Understanding the effect of macroeconomic events on the fundamental values of stocks provides investors with agility in shaping a resilient portfolio. In a new white paper, portfolio manager Nick Langley (pictured) examined the impact of six short- and long-term economic scenarios, including a severe credit event and stagflation, on Clearbridge’s Global Infrastructure Income Strategy, and found macroeconomic changes would have positive effects on returns in most cases.

Infrastructure can broadly be divided into two subsectors: regulated and contracted utilities, considered more defensive, and the more economically sensitive “user pays” infrastructure such as airports and toll roads. Both subsectors provide exposure to an uncorrelated asset class that can offset higher interest rates and inflation, with the potential to maximise upside and downside capture through active portfolio rebalancing.

  • The utilities subsector, according to Langley, is “the very defensive end of infrastructure, and the very, very defensive end of markets generally”. With fewer companies in the space and a regulator matching their pricing models to the current economic environment, utilities have power to pass changes in bond yields and inflation through to their customers.

    In contrast, he said, “think about user-pays as being linked to business cycles because they’re usage-based assets, and think about them as longer-duration assets because they don’t have the ability to reset their prices based on changes in bond yields”.

    These different profiles mean an infrastructure allocation can be tweaked in response to macroeconomic changes to achieve the greatest benefit from a given scenario. The white paper tested the infrastructure sector’s resilience in the event of three potential short-term or cyclical scenarios – a severe credit event, quantitative tightening and stagflation – as well as the long-term, structural scenarios of financial repression, deglobalisation and climate inflation.

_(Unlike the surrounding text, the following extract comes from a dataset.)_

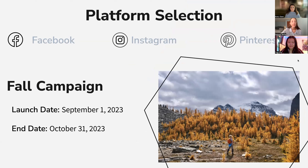We have chosen to run a fall campaign from September 1st, 2023 until October 31st, 2023. The platforms we have chosen are Facebook, Instagram, and Pinterest, because these platforms have historically been the most successful for Buhi in terms of reach, engagement, and conversions.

    “Testing three key variables – inflation, real GDP growth and the change in 10-year nominal bond yields – our analysis indicates infrastructure returns demonstrate resilience”, according to the white paper, with the effect of macro changes on returns “positive in most cases”.

    Looking at inflation, for example, different types of infrastructure stocks will have different means of passing rising costs through to consumers, as regulated utilities have their prices indexed to inflation annually or adjusted at incremental regulatory resets, allowing for direct or indirect pass-through of inflation.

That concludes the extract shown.